Part A

In this part, we’ll be attempting to forecast how much cash is taken out of 4 different ATM machines for May 2010. Our dataset is provided for us, and available on my GitHub.

Data Wrangling and Visualization

Our DATE column looks to be the number of days since 1900, so we’ll fix that on read-in

# Read in our ATM data
atm <- read_excel("../data/ATM624Data.xlsx")

# Store ATM data in a tsibble object
atm <- atm %>%  
  mutate(DATE = as.Date(DATE, origin = "1899-12-30")) %>% as_tsibble(index=DATE, key=ATM) %>% fill_gaps()

To start off with, let’s plot our atm tsibble to get a sense of the data. We see that we have data for 4 ATMs, with some NA values for the amount of cash withdrawn on certain dates. We also have some outlier points that we’ll need to deal with as well.
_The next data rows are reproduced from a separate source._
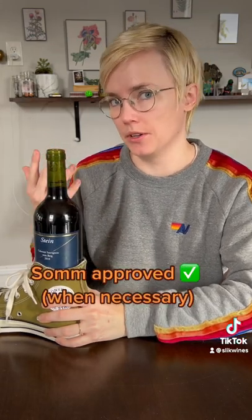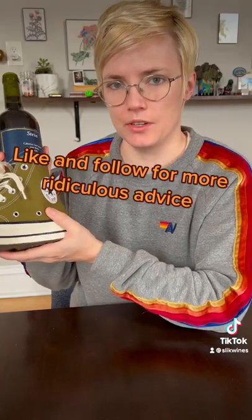I also don't recommend doing this with a nice bottle of wine. It does shake up the wine a lot, which isn't great for nicer quality wines. It's great in a pinch but don't use it all the time.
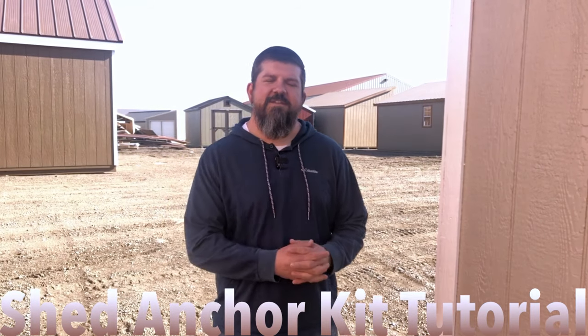Hello, Chris here with Montana Shed Center. I'm going to cover one of our new products, which is our Arrowhead anchoring kit. I'm going to show you the procedures in order to mount it to the building and anchor your building to the ground.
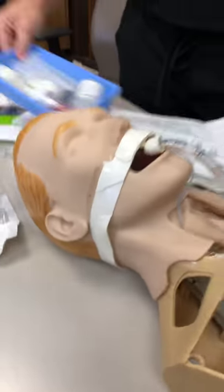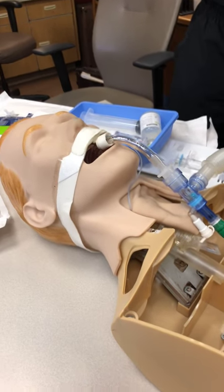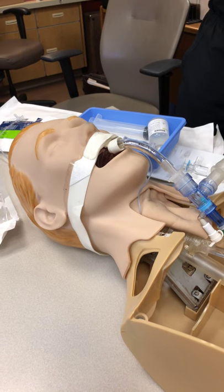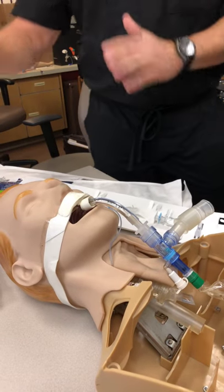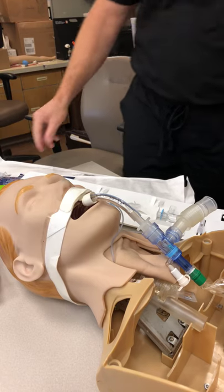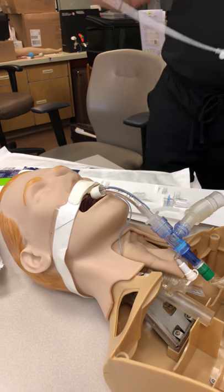If we did all that — Chris or John did all that — then we would be setting up for the mini-BAL procedure. After we go ahead and do the closed suction, we'd go ahead and pre-fill our syringes with 16 milliliters of sodium chloride. We'd get those set up and pushed aside. Then we would take our mini-BAL — it looks like this.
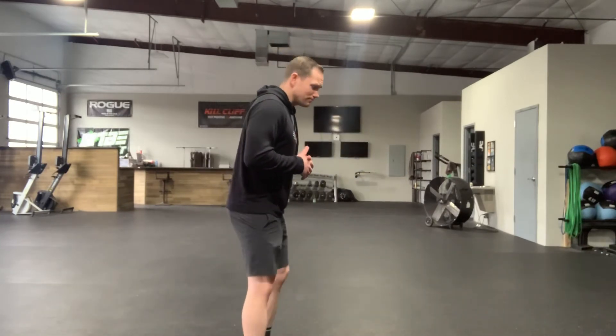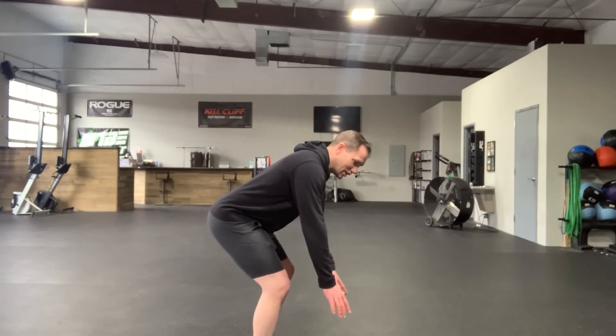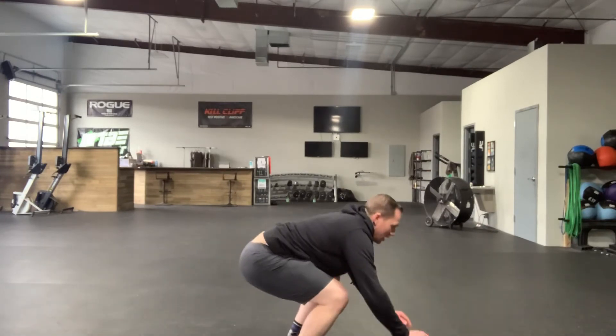What we're gonna do instead is reach towards the ground, fall to the floor with our chest using no energy at all, then lean back and pull our hips forward as we stand to the top. Falling to the ground using no energy at all, and then using our hips to jump up to that top position without doing an air squat as much as possible. Have fun with this one guys.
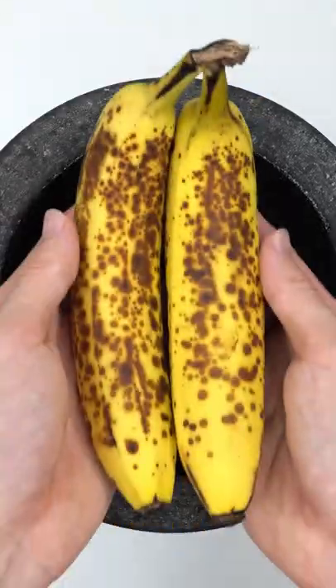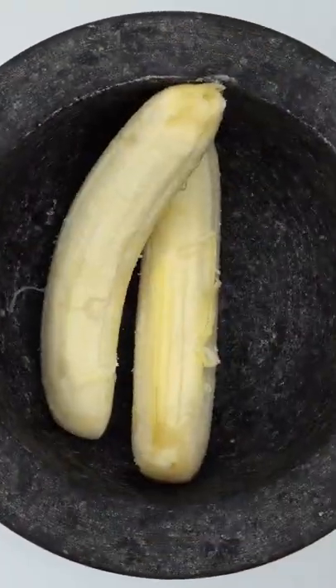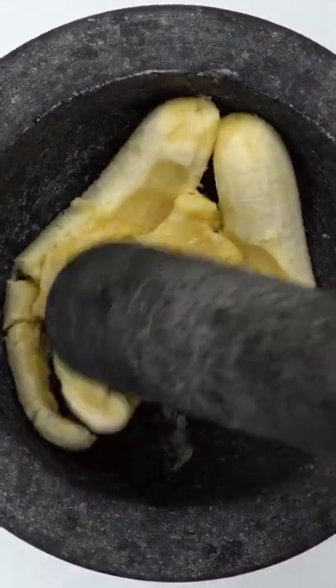Make a banana face mask. Bananas — did you know this is the correct way to peel a banana? Let's get smashing. These are nice and ripe, perfect for smashing.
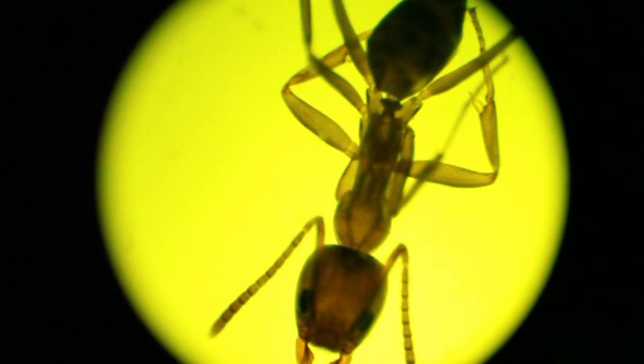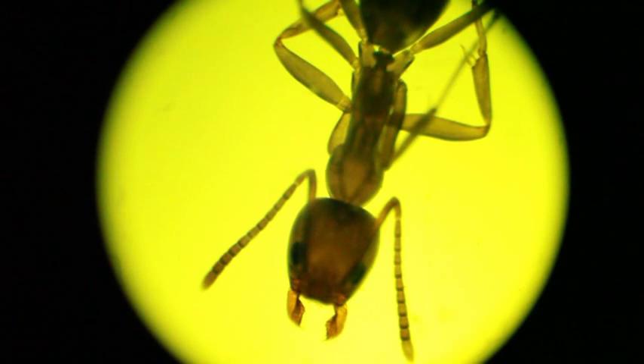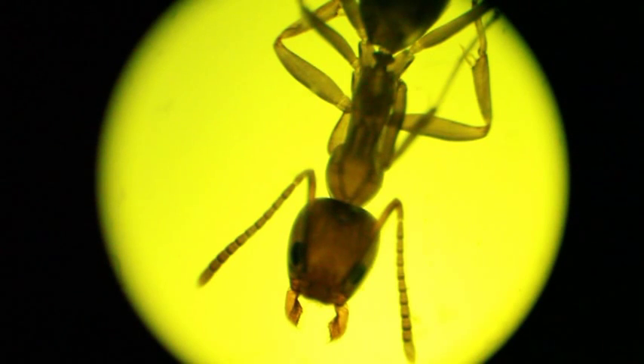Alright, well that looks a little bit maybe too yellowish, but I do have the yellow filter on it. I think that's the reason why. If I know my colors correctly, I'll just put a filter — should make the view a little better. Oh, you can totally see the ant moving, that's exciting. Alright, let me get the blue filter on.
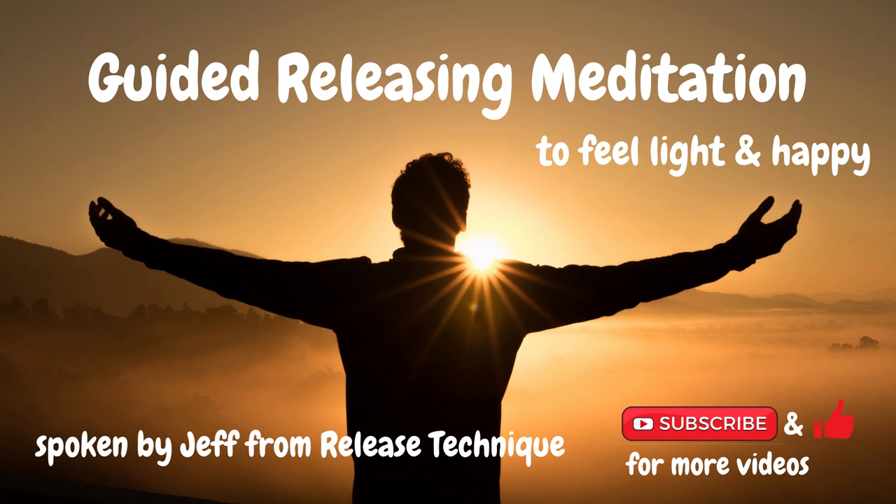So you can open your eyes now. Thank you all for following that meditation. I wish you a great day. And invite you all, if you want, to look into the release technique. Thank you all.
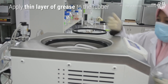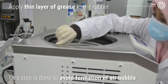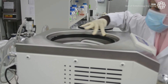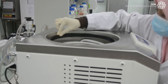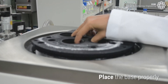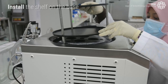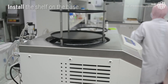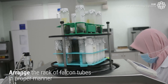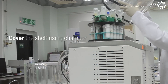Then, apply a thin layer of grease on the rubber. This step is done to avoid the formation of air bubbles. Place the base properly, install the shelf on the base, and arrange the rack of falcon tubes in a proper manner. Then cover the shelf using the chamber.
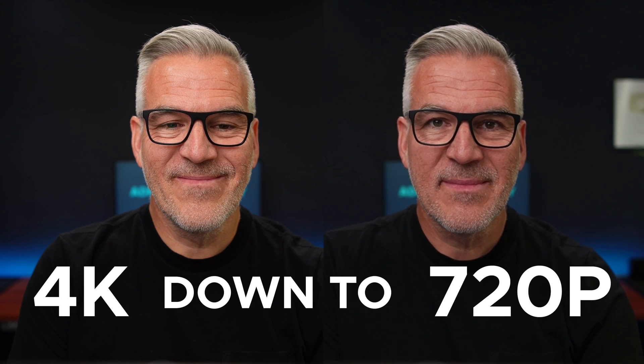It's worth pointing out that the resolution has just dropped from 4K over that HDMI feed down to 720p over USB, because 720p is as much as we can get out of the USB cable. In fairness, 720p is the maximum you're going to get out of a Zoom call anyway, unless you're on an enterprise plan.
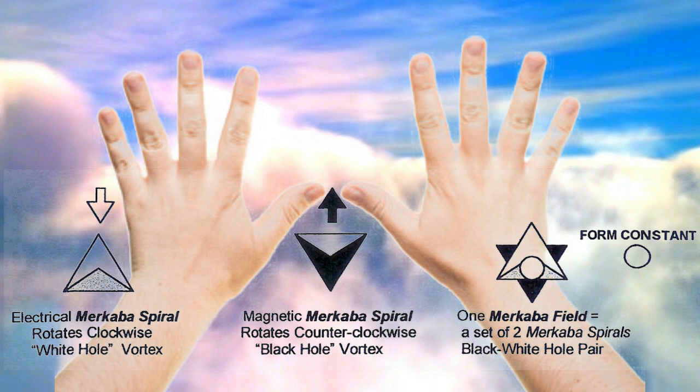These vortices may be polarized to draw energy into a center as a magnetic vortex, and then to transmit energy outwardly as an electrical vortex. The right hand sends energy out through the palm and draws it in through the back of the hand. The left hand has the opposite polarity, receiving energy through the palm and sending it through the back of the hand. The right hand is electrical; the left hand is magnetic.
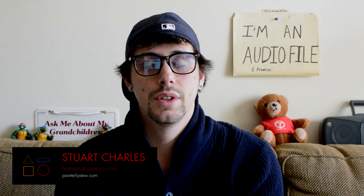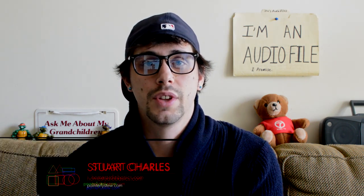Greetings mate, it's Stuart Charles here at HomeStudioBasics.com helping you make sound decisions leading to a beautiful audio experience that will make you fall in love with music all over again. So let's get right into the truth about Grado headphones.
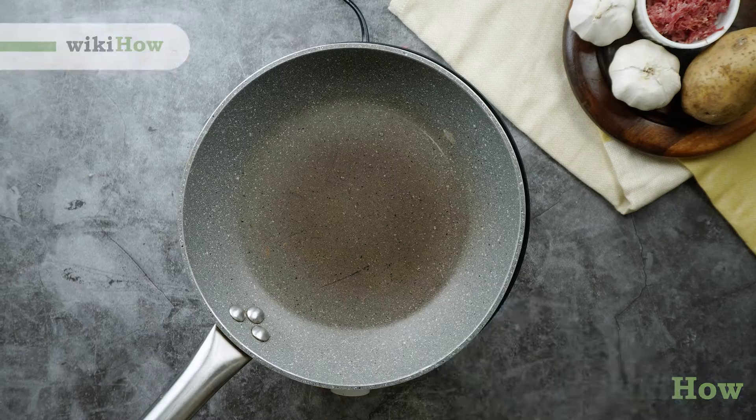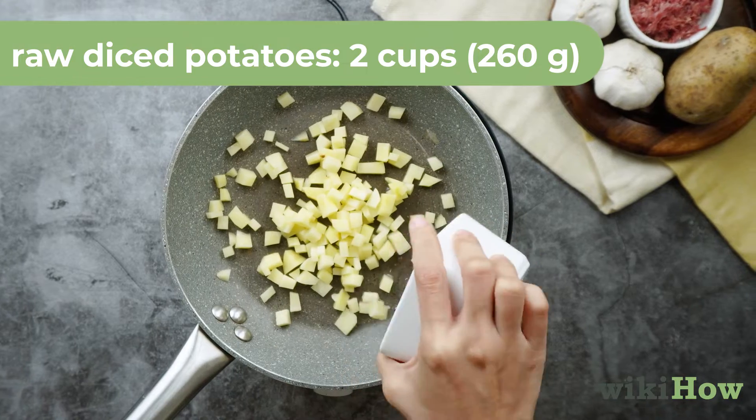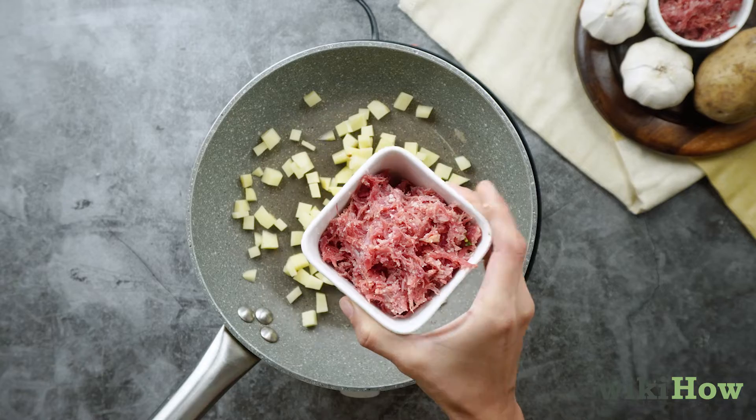To make corned beef hash, place two cups (260 grams) of raw diced potatoes in a skillet. Chop up an equal amount of cooked corned beef and add it to the mix.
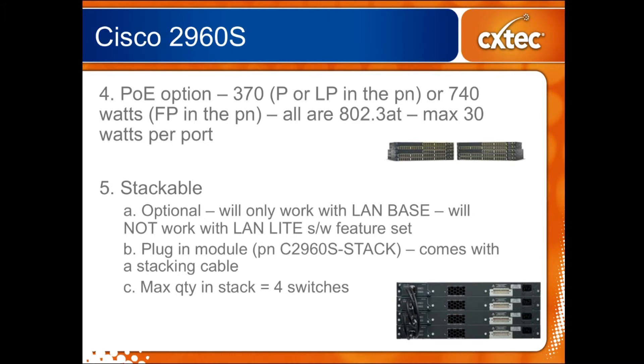For the 48-port models you'll see a little differentiation in the part numbers — there are actually two different PoE levels. The standard 370 watts, as mentioned for the 24-port models, but because there are twice as many ports they've also come out with a 740 watt variant that allows you to do 48 ports simultaneously of Class 3 802.3af. The 48-port model is also 802.3at compatible, again just not all ports at the same time.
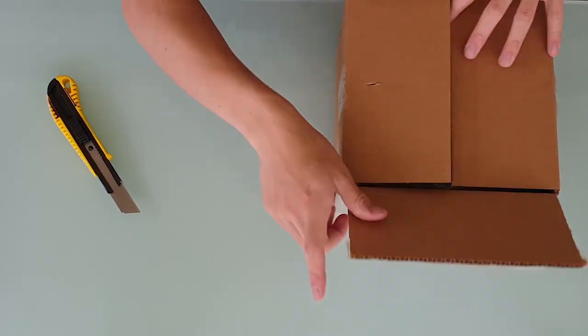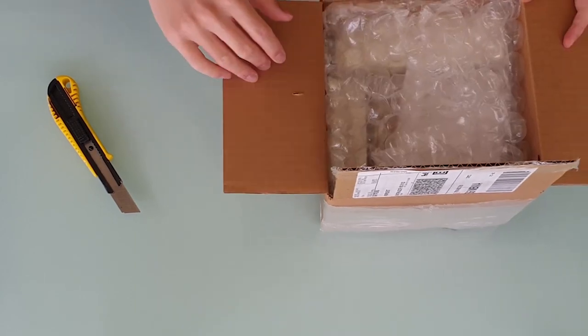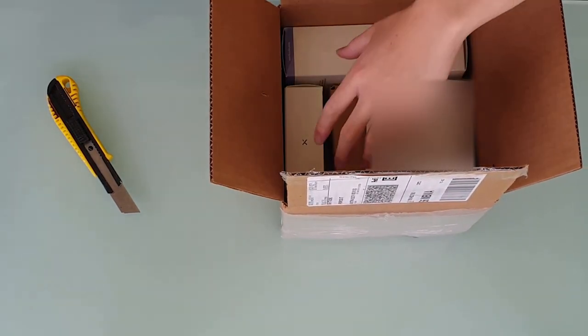Hey guys, I just wanted to do a quick unboxing of the Lexi Lumen hearing aids. They've just sent me out a review unit for me to check out.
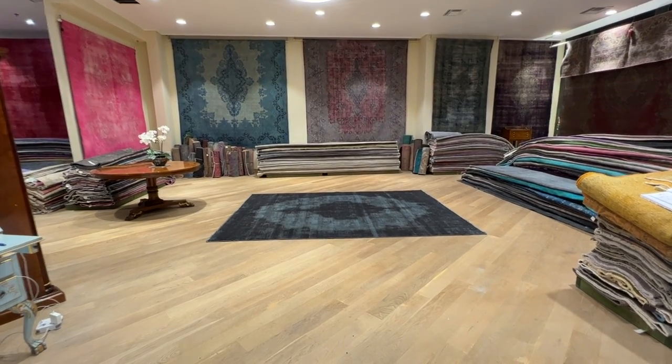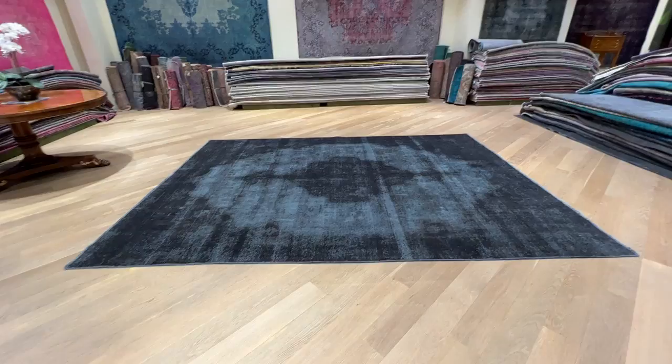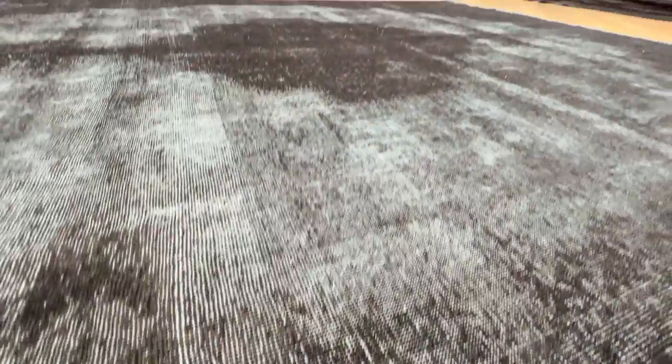Let's go 24194. It's a Persian handmade carpet. This carpet has got a jet black kind of color tone to it, but the background area is just a very interesting shade, which I have to just go in to show you exactly what it is.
atm %>% autoplot() + labs(x = "Date", y="Cash Withdrawn (Hundred of Dollars)", title="Cash withdrawn from ATMs 1-4: May 2009 - May 2010")

Imputation

In our case, the NA values for the ATM variable all occur in May 2010, which is the month we are trying to predict. In this case, we should be able to drop these rows for now, with the intention of “re-adding” them later when we forecast

# Filter null ATM rows for later forecasting replacement
atm <- atm %>% filter(!is.na(ATM))

atm %>% autoplot() + 
  labs(x = "Date",
       y="Cash Withdrawn (Hundred of Dollars)",
       title="Cash withdrawn from ATMs 1-4: May 2009 - May 2010")

Imputation

As a result of our fill_gaps call above, we’re left with some NA values in our time series. We can find the mean cash withdrawn per ATM varies between the machines via a dplyr aggregation. These can serve us later for imputation

mean_cash_by_atm <- atm %>% 
     filter(!is.na(Cash)) %>%
     as_tibble %>% 
     group_by(ATM) %>% 
     summarise(Cash = mean(Cash))
mean_cash_by_atm

## # A tibble: 4 × 2
##   ATM      Cash
##   <chr>   <dbl>
## 1 ATM1   83.9  
## 2 ATM2   62.6  
## 3 ATM3    0.721
## 4 ATM4  474.

As such, it makes more sense to impute the amount of cash withdrawn based on the per ATM, rather than taking the blanket mean of our Cash variable. This will help us to handle outliers like ATM3 better.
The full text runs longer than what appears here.